[<prev] [next>] [<thread-prev] [thread-next>] [day] [month] [year] [list]
Message-ID: <20130424154800.16883.4797.stgit@dragon>
Date: Wed, 24 Apr 2013 17:48:17 +0200
From: Jesper Dangaard Brouer <brouer@...hat.com>
To: "David S. Miller" <davem@...emloft.net>,
Hannes Frederic Sowa <hannes@...essinduktion.org>
Cc: Jesper Dangaard Brouer <brouer@...hat.com>, netdev@...r.kernel.org,
Eric Dumazet <eric.dumazet@...il.com>
Subject: [net-next PATCH 1/4] Revert "inet: limit length of fragment queue
hash table bucket lists"
This reverts commit 5a3da1fe9561828d0ca7eca664b16ec2b9bf0055.
The problem with commit 5a3da1fe (inet: limit length of fragment queue
hash table bucket lists) is that, once we hit the hash depth limit (of
128), the we *keep* the existing frag queues, not allowing new frag
queues to be created. Thus, an attacker can effectivly block handling
of fragments for 30 sec (as each frag queue have a timeout of 30 sec)

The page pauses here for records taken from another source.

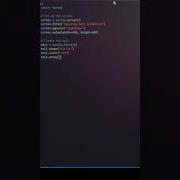 Python Bouncing Ball Animation Tutorial Turtlegraphics Coding Python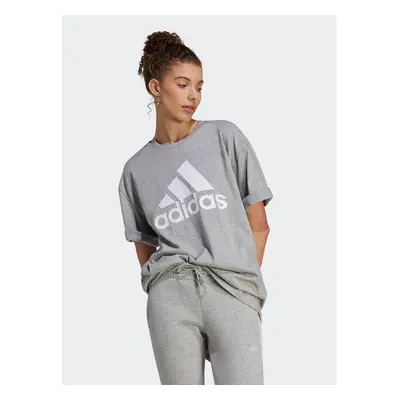 T-Shirt adidas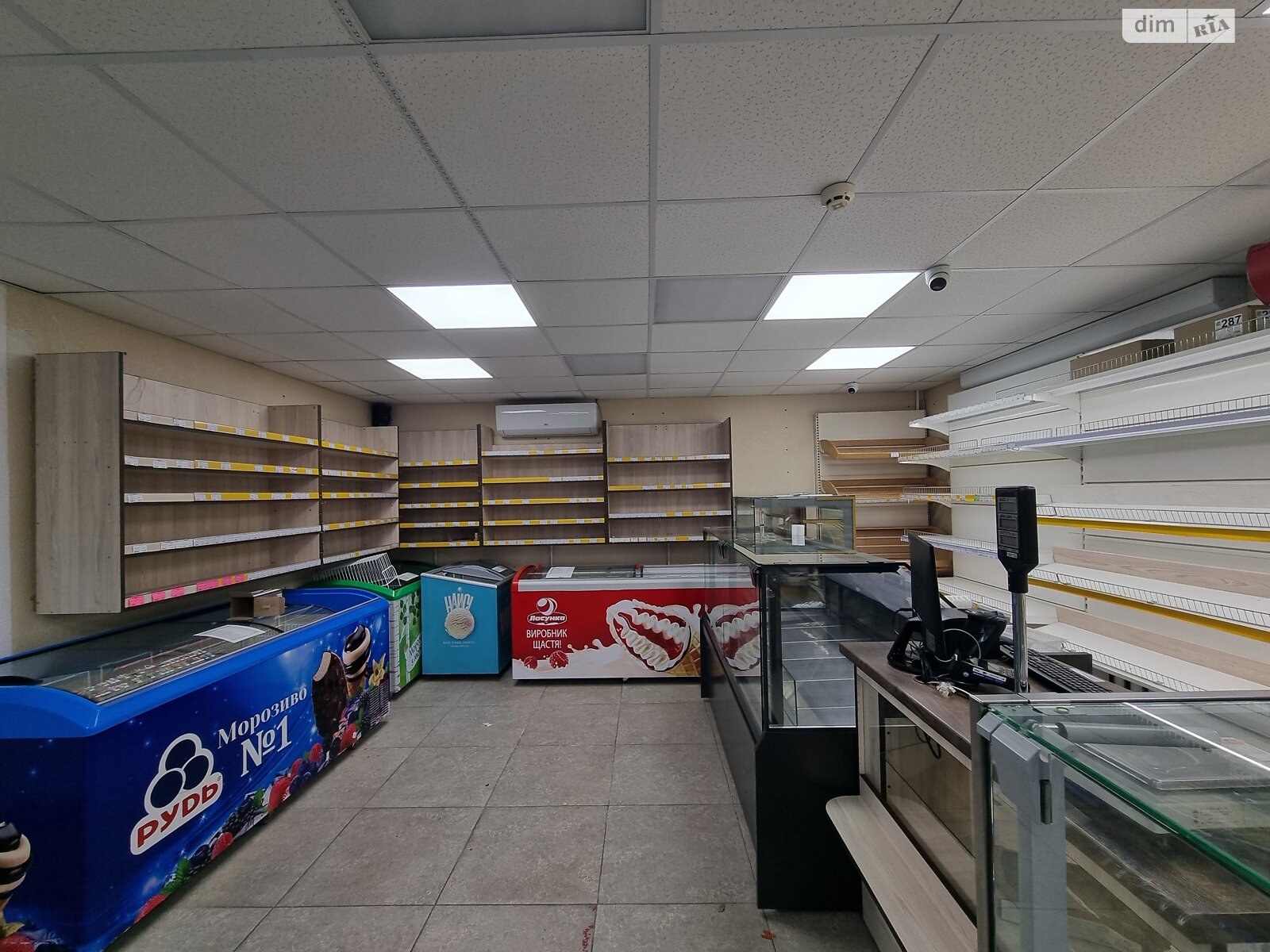 Коммерческое помещение в Виннице, сдам в аренду по Стрелецкая улица 3, район Киевская, цена: 32 000 грн за объект фото 1 Коммерческое помещение в Виннице, сдам в аренду по Стрелецкая улица 3, район Киевская, цена: 32 000 грн за объект фото 1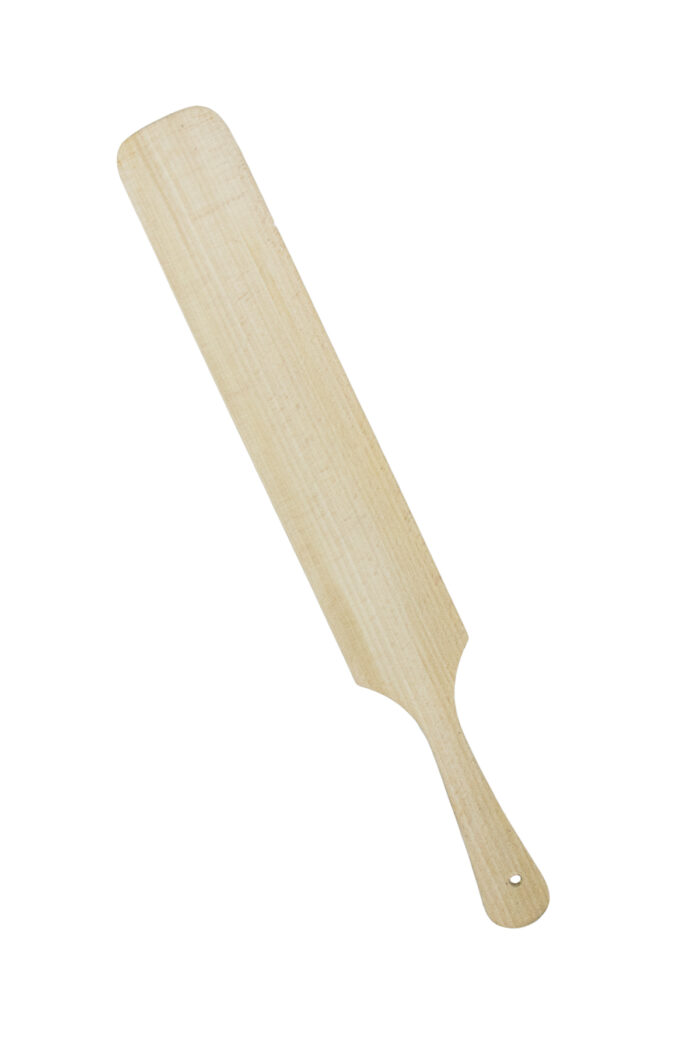 44 44cm Y. Cevirici Trendyol 1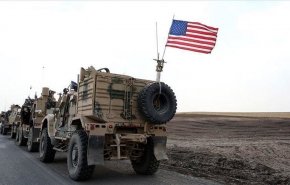 روسيا: القوات الأمريكية تنهب الموارد الطبيعية في سوريا وتسرق نفطها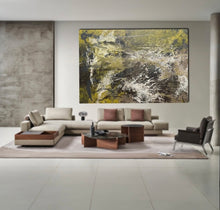 Load image into Gallery viewer, Dalla serie Autunno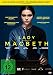 Produktbild Lady Macbeth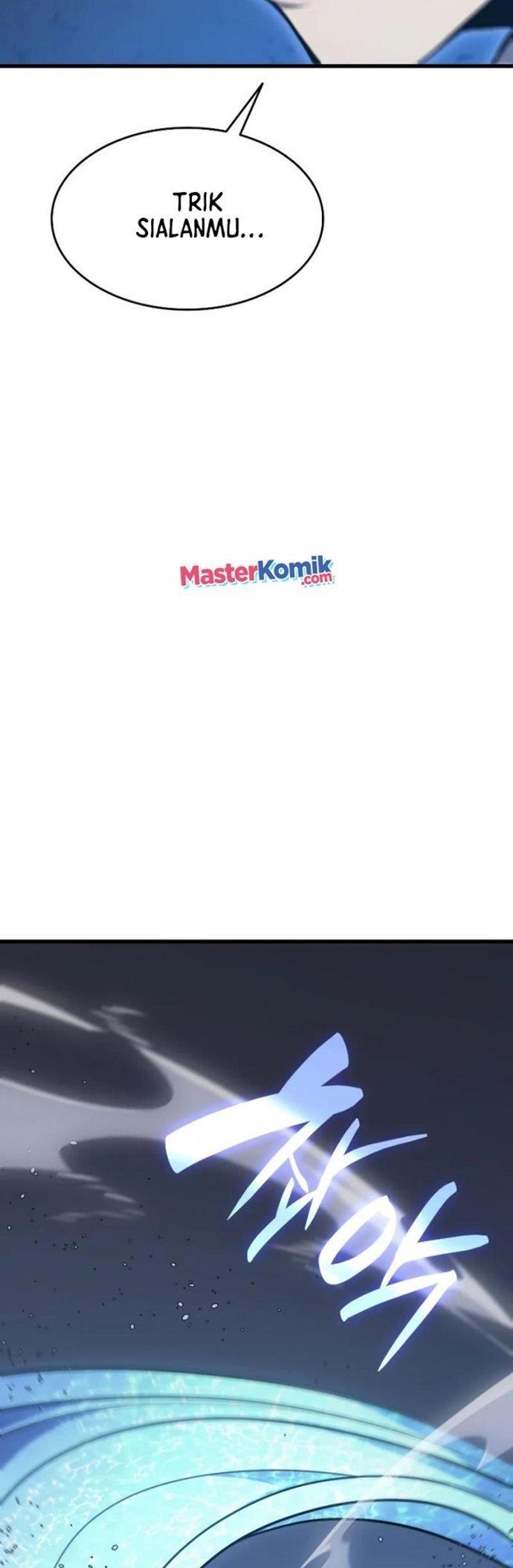 Grim Reaper of the Drifting Moon Chap 21 - Next Chap 22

For this situation to occur the mem limit need to increase (from
default 4MB per netns). This can either happen by 1) creating more
netns (network namespaces) or 2) by manually increasing the mem limits
via proc files:
/proc/sys/net/ipv4/ipfrag_high_thresh
/proc/sys/net/ipv4/ipfrag_low_thresh
To be exact, situation occurs when, increasing the thresh to something
allowing 128 elements in each bucket, which is not that high given the
hash array size of 64 (64*128=8192), e.g.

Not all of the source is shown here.